O segundo, preso em agosto de 2002, foi o ex-prefeito de Ribeirão Bonito, Antônio Sérgio Mello Buzzá. Ele foi preso em Chupinguaia (RO). Buzzá foi acusado de comandar um esquema de corrupção na prefeitura de Ribeirão Bonito, entre janeiro de 2001 e início de 2002, que teria desviado até R$ 1,7 milhão. Buzzá foi localizado pela Polícia em Rondônia depois de reportagem do Jornal Nacional, da TV Globo, sobre as investigações na cidade.

Ranking dos processos

O prefeito de Itaquaquecetuba, Armando Tavares Filho (PL), é o prefeito que responde ao maior número de procedimentos no Tribunal de Justiça de São Paulo. São 16 inquéritos, duas denúncias, além de queixa-crime, sindicância e 16 processos em segredo de Justiça. O segundo colocado, Juan Manoel de Pons Garcia (PPS), prefeito de São Sebastião, no litoral norte do estado, tem de se defender em 15 expedientes que estão na 15ª Câmara Criminal: quatro inquéritos, 10 sindicâncias e um processo que corre em segredo de Justiça.

O prefeito de Águas de Lindóia, Eduardo Nicolau Âmbar (PP), é acusado em 10 casos, dos quais três correm em segredo. O prefeito foi afastado do cargo na semana passada pelo Tribunal de Justiça. Ele responde as acusações de furto de energia elétrica pela prefeitura, a contratação de empresa com suposto superfaturamento, uso do símbolo de campanha eleitoral nas obras da prefeitura, desvio de verbas públicas e fraude em licitação no contrato de empresas de escolta, de transporte escolar e de prestação de serviços médicos.

A lista ainda inclui os prefeitos de grandes cidades como Welson Gasparini (PSDB), de Ribeirão Preto, que aparece com quatro processos em segredo de justiça. O Tribunal de Justiça também apura eventuais irregularidades cometidas pelo prefeito de Campinas, Hélio de Oliveira Santos (PDT), acusado de contratação irregular de servidores, de compra de votos e da venda de terreno público. Hélio Santos ainda tem quatro processos que correm sob sigilo.

O prefeito de São Paulo, Gilberto Kassab (DEM), responde a uma sindicância que apura eventual irregularidade no pagamento de verba para a execução do projeto de capacitação profissional de jovens, conhecido como Programa Capacita Sampa. No ano passado, a imprensa noticiou que a ONG Reação Positiva recebeu R$ 390 mil do programa e teria apresentado atestado fraudado de capacitação em nome da Prodam (Companhia de Processamento de Dados do Município de São Paulo).

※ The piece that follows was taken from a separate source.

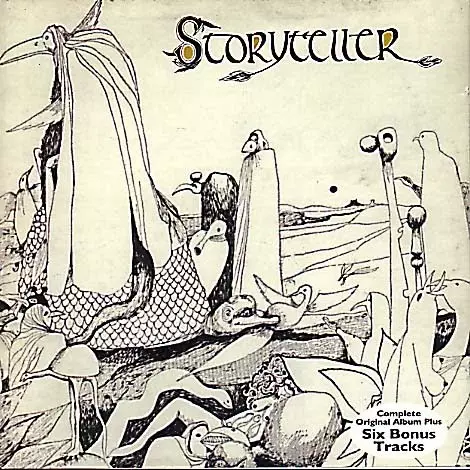 Storyteller UK盤 Storyteller / Storyteller - DISK-MARKET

O tribunal também apura possíveis crimes praticados pelo prefeito de Guarulhos, Elói Pietá (PT). Os inquéritos investigam suposta fraude em licitação para compra de equipamentos de computação e irregularidades na aquisição de veículos e apólices de seguro com verbas da Secretaria Municipal de Saúde.

As investigações também recaem sobre prefeitos como o de Americana, Erich Hetzl Júnior (PDT), que responde a processo em segredo de Justiça; de Andradina, Ernesto Antonio da Silva (PPS), acusado de desvio de recursos públicos e de crime de peculato; e de Caraguatatuba, José Pereira de Aguilar (PPS).